All of this was characteristic of Pollock. He was born in Freiburg in 1894, and it had originally been intended that he should take over his father’s business, as in Horkheimer’s case. With his indifference towards Judaism and certain conventions — qualities instilled by his upbringing and reinforced by his simple, phlegmatic manner — Pollock made a lasting impression on the sixteen-year-old Horkheimer, and they began a peculiar, but lifelong, friendship. Pollock was less horrified by social injustices than Horkheimer was, but he was also less apprehensive than Horkheimer about committing himself openly to Marxism and communism: when the Munich Soviet Republic was crushed in May 1919, he gave his passport to a Russian who was hoping to escape abroad; the refugee was caught, and Pollock got into trouble with the police. Although Pollock, like the others, studied philosophy, it was only a minor subject alongside his principal interest, economics, in which he took his doctorate in 1923 with a thesis on Marx’s monetary theory. In an article “On Marx’s Monetary Theory” published in 1928 in [Carl] Grünberg’s Archiv, he complained about the “unhappy division between the economic and philosophical elements in Marx’s system.”  But he had a lifelong, philistine contempt for philosophical theory, and held to a pre-Leninist form of Marxist orthodoxy.

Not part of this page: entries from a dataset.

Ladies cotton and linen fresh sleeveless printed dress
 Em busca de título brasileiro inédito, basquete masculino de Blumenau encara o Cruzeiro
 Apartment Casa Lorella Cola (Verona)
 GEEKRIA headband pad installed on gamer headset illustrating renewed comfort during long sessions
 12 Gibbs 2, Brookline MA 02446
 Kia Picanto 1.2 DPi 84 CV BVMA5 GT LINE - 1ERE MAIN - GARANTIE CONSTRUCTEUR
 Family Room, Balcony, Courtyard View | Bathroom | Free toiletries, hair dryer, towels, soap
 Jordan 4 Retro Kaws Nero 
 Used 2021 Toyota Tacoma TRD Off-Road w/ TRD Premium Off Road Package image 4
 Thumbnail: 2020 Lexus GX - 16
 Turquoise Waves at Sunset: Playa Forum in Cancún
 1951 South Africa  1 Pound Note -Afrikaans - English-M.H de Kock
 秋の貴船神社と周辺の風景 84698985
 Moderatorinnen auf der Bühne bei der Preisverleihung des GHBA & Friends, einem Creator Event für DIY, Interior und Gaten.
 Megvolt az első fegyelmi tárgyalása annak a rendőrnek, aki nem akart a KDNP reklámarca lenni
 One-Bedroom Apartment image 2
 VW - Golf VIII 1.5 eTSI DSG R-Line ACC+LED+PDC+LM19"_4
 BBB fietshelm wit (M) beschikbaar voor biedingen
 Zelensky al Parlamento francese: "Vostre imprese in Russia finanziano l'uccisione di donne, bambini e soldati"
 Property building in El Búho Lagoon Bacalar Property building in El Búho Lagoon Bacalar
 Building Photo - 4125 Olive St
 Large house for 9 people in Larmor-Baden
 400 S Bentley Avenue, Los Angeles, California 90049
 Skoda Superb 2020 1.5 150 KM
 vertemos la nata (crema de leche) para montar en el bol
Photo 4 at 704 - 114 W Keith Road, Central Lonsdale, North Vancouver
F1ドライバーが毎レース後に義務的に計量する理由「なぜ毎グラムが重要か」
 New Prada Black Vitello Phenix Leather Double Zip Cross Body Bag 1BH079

At the invitation of David Riazanov, Pollock travelled to the Soviet Union in 1927 to take part in the celebrations on the tenth anniversary of the October Revolution. One of the results of the visit was his book on Experiments in the Planned Economy in the Soviet Union, 1917-1927, with which he took his Habilitation in 1928. The book was published as the second volume in the Institute’s publications series, the Schriften des Instituts für Sozialforschung, and was written in a style similar to that of Carl Grünberg, the “master of historical realism in the investigation of social existence,” as Max Adler described him in 1932 in the Festschrift published on Grünberg’s seventieth birthday. In the preface to his book, Pollock acknowledged his debt to his “friend, teacher, and father-figure, Professor Carl Grünberg.” The reader was informed in the first sentence of the preface that “a theoretical analysis of the material will follow in a later work,” but this was never published. Pollock described the particularly unfavorable conditions which the Russian revolutionaries had faced at the outset, their tremendous, continuing difficulties, the often glaring mistakes they had made, and their constant changes of direction and frequent reorganizations. In the penultimate and longest chapter of the book, `The State Planning Commission [Gosplan] and its Work,” he used all of this to show how plans had been formulated in an absurdly inadequate way from the start, and had only gradually become more realistic. The book’s style was soberly informative, but it nevertheless clearly indicated the sympathy, patience, fascination, and even admiration which Pollock had for the “heroes and martyrs of the planned economy” and their tireless efforts to construct “a complete whole” out of various different plans, one which would, “at its fullest stage of development, consciously and totally incorporate the entire economic process” and gradually guarantee “the conscious structuring of the entire economic process and all of its parts.”